Shiraz may be king round these parts. But watch out for this fair prince; it has a stronger claim to the throne than many realise.

Best’s Great Western Cabernet Sauvignon 2012

Deep purple in colour. The nose is fairly pronounced, floral and fresh-fruited. Red, blue and blackberries, blackcurrants, roses, geranium, oak and a hint of fresh mint. Lovely, smooth entry with juicy mulberry, then generous, fresh, fleshy berries and some peppery spice follow on the mid-palate. It’s a touch more than medium bodied, with tannins that are firm, fruit-tinged and ripe. The back palate exhibits more cassis and leafy characters, as well as a graphite note, with good acidity carrying it fairly long.

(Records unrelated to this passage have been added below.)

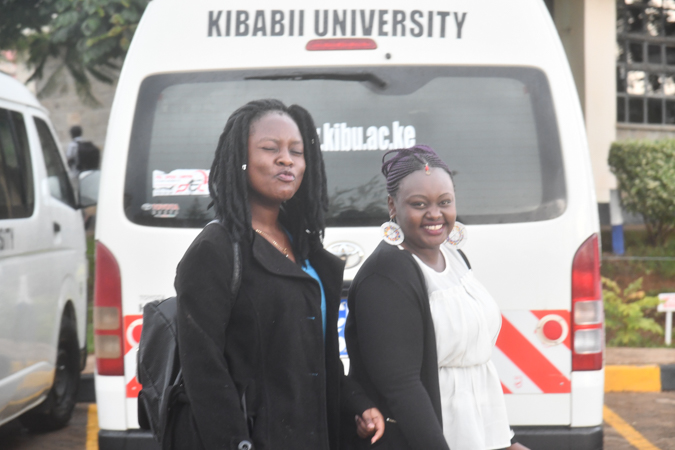 KIBU Alumni Association Funds Drive Album24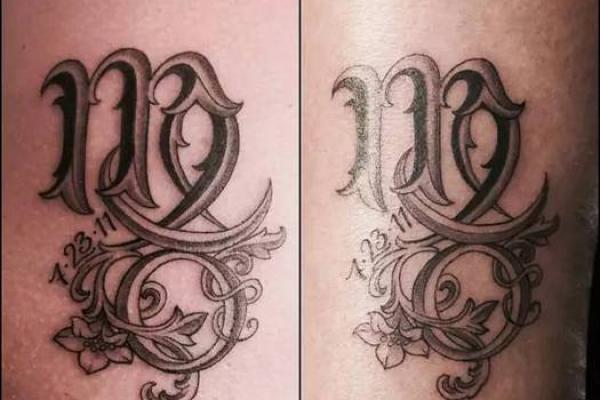 金牛座星座纹身图案大全图片 金牛座星座纹身图案大全图片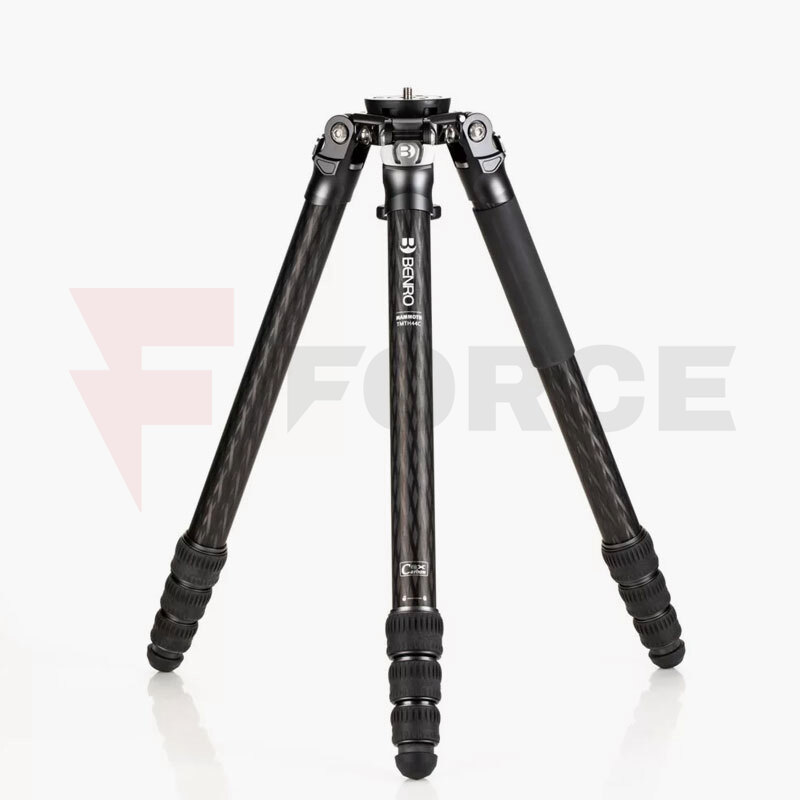 Карбонов статив Benro Mammoth TMTH44C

Costs $25 from the winery website – Alcohol 14% – Tasted 06/04/14

Best’s Great Western Cabernet Sauvignon 2010

Pretty ruby hue with a nose of rose petals, raspberries, blackcurrant, mint and a whiff of cedary oak. An attack of sweet red berries is followed by darker fruits that glide across the silky, supple, medium-bodied palate. A clear but soft acid line and fine sandy tannins guide it to a fairly long conclusion with typical notes of blackcurrant leafiness. There’s no shortage of flavour intensity in what is a lean, gentle, structured and very pretty Cabernet.